Algo parecido ocurre con la luz. En medio de la oscuridad, si no hay luz, no sé por dónde puedo caminar, ni hacia dónde debo ir. Más si la luz es excesiva, me deslumbra, y las consecuencias son las mismas pues, como me hace daño, cierro los ojos o desvío mi mirada de esa luz.
A la vez me viene a la mente la reacción con ciertas personas. Cuando conozco a una, que siempre que la veo me dice lo mismo, me quiere convencer con su modo de pensar, y encima que estoy cansada de los temas, siempre son conversaciones bien largas mucho tiempo, si la veo de lejos y en ese momento no me ha visto, la esquivo, me cambio de acera y no miro hacia ella para que no se dé cuenta que la he visto. También evito -o por lo menos no deseo- la gente que es «seca», que te responde: sí, no…. y nada más… Si es que te lo dice pues, a veces, ni te devuelve el saludo que le dado al cruzarla por la calle. Gente con la que me resulta difícil tener una conversación, un diálogo aunque sea mínimo. En todos los casos, lo bueno es lo intermedio: ni excesivo, ni miserable.
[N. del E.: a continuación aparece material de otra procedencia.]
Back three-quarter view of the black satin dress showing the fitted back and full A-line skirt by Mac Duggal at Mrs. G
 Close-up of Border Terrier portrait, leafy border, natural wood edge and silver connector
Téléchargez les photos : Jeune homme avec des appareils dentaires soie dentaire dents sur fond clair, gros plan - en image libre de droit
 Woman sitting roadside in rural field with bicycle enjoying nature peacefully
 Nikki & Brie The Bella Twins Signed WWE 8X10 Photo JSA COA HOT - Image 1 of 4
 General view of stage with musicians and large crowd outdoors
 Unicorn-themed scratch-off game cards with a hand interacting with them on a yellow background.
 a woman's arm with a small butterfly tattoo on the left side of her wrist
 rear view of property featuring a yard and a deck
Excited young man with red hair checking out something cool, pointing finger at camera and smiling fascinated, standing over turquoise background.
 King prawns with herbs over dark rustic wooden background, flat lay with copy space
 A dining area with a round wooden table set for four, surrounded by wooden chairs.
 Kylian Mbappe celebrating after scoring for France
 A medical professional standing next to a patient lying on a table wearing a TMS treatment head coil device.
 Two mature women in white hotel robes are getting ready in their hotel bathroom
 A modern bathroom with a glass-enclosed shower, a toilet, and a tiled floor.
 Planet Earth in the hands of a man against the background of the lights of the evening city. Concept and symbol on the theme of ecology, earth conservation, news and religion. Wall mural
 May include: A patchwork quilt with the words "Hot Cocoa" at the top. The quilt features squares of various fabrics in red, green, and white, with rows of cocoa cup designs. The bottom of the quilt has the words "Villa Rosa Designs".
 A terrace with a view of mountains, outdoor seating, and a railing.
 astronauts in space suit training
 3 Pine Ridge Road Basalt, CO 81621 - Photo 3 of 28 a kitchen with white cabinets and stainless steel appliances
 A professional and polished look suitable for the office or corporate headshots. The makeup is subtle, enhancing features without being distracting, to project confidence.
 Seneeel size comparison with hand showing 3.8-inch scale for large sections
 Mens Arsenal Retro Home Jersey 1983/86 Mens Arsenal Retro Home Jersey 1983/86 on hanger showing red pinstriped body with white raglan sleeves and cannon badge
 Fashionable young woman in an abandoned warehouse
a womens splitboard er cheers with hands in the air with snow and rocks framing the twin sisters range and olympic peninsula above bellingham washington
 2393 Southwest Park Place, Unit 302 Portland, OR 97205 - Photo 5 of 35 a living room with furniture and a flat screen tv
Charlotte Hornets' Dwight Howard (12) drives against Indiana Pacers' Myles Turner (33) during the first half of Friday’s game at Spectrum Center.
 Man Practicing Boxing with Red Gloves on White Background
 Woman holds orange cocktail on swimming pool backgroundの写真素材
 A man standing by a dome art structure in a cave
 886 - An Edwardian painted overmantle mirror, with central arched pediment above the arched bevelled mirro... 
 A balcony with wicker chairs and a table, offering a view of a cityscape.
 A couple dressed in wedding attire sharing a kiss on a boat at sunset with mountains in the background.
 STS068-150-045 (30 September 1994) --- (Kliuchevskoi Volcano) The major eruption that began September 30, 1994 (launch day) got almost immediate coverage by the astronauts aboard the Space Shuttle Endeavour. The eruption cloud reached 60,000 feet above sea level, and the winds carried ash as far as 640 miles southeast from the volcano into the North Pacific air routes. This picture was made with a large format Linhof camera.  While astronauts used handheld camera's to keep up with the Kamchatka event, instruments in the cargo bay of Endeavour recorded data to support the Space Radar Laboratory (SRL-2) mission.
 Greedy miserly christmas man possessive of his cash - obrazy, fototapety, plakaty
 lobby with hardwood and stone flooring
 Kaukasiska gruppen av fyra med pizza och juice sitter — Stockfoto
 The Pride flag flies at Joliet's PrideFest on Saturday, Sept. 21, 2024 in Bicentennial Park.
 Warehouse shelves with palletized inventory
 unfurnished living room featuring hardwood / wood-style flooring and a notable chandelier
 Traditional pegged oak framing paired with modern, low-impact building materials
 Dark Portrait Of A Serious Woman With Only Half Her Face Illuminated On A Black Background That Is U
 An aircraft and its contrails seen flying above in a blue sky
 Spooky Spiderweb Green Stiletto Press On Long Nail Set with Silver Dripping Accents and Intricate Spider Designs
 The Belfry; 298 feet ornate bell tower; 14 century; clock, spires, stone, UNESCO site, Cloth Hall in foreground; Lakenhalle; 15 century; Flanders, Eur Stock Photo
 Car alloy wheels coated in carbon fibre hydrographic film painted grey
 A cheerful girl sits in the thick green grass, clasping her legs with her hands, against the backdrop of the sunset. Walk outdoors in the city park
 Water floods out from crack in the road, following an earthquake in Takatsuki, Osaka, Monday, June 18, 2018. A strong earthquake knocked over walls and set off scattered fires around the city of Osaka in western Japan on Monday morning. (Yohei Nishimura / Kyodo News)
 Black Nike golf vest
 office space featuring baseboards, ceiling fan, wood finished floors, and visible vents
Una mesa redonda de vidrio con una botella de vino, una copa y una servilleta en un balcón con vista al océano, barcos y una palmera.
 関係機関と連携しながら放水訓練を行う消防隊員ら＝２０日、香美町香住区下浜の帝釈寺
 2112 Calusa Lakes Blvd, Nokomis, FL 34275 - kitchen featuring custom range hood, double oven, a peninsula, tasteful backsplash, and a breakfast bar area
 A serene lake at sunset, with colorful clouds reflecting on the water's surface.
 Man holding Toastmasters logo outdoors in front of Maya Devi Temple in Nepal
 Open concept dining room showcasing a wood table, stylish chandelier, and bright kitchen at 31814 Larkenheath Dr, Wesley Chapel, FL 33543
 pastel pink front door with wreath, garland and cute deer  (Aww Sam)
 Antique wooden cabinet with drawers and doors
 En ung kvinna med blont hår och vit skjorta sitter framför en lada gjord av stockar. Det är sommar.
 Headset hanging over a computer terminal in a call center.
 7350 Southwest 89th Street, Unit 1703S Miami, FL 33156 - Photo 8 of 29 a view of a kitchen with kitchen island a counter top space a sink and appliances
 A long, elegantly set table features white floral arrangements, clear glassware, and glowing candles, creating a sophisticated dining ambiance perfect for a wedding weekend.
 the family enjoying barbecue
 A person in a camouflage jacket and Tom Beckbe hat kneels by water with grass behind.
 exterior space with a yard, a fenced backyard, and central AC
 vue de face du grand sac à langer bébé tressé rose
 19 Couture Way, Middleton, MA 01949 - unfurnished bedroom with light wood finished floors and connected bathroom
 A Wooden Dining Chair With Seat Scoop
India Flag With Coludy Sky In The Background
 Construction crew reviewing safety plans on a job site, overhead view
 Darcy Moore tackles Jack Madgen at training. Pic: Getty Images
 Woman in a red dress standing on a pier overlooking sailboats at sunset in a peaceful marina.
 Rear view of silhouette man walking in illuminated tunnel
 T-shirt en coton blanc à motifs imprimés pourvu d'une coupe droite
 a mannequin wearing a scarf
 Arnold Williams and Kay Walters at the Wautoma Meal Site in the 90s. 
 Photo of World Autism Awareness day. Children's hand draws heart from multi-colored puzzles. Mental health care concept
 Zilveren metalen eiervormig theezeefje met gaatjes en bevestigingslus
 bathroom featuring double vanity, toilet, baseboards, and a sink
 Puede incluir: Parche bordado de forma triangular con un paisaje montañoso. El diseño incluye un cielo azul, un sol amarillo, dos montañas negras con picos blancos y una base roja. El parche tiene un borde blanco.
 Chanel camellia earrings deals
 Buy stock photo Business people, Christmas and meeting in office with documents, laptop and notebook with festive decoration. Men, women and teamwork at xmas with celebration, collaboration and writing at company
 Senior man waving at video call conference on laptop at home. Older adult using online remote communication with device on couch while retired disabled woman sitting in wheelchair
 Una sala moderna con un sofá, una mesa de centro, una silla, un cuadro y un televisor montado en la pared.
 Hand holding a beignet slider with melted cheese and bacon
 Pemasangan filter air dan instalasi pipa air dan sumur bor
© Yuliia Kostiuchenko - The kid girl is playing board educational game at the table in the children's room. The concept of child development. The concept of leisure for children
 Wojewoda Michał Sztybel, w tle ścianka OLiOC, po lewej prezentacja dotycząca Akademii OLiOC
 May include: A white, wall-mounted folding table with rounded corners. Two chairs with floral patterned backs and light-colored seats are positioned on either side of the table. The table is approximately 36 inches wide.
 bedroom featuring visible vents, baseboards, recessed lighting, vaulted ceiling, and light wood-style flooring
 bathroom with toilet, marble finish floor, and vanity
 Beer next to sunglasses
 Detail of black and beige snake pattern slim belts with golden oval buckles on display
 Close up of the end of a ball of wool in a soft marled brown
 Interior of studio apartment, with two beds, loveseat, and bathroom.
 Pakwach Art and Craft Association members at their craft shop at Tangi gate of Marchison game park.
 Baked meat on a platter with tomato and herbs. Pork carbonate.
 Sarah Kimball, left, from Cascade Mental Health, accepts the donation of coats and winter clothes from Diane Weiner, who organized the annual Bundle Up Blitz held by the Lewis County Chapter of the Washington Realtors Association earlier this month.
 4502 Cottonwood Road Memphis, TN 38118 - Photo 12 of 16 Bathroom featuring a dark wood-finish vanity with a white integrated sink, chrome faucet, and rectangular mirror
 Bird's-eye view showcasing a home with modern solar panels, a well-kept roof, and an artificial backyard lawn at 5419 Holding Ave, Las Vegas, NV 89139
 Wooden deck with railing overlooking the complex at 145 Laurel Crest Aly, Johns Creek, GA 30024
Eso mismo ocurre al transmitir la fe. El equilibrio es una fe compartida: con el testimonio de vida ayudando en las buenas obras a favor de personas con necesidades materiales, de escucha, de afecto…, y hablando cuando vea conveniente -sin atosigar-, de en quien creo y me mueve cada día, de Jesús.
Señor, ayúdame a ser sal y luz de modo equilibrado, testimonio de vida que refleje la Buena Nueva para darte gloria.